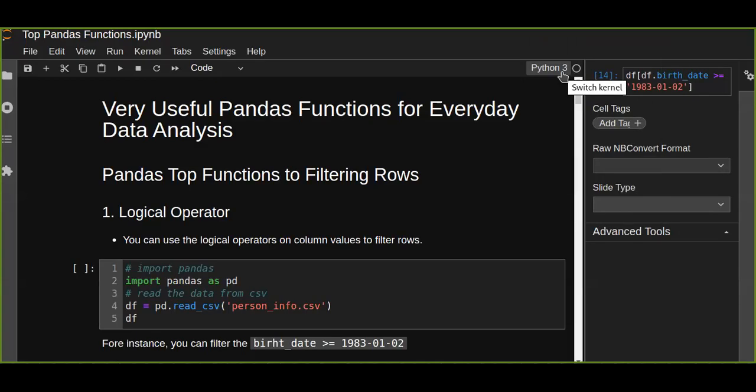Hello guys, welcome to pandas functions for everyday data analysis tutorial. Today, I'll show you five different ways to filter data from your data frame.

--

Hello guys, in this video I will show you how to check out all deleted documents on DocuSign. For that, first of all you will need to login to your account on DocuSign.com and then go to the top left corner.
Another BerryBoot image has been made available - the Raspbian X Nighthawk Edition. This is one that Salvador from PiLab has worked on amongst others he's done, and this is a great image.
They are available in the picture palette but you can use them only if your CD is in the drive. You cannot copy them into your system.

EXERCISE REQUIREMENTS:
Search the preceding listing for the word "available" and pull out every line that holds it.

OUTPUT OF THE EXERCISE:
Another BerryBoot image has been made available - the Raspbian X Nighthawk Edition. This is one that Salvador from PiLab has worked on amongst others he's done, and this is a great image.
They are available in the picture palette but you can use them only if your CD is in the drive. You cannot copy them into your system.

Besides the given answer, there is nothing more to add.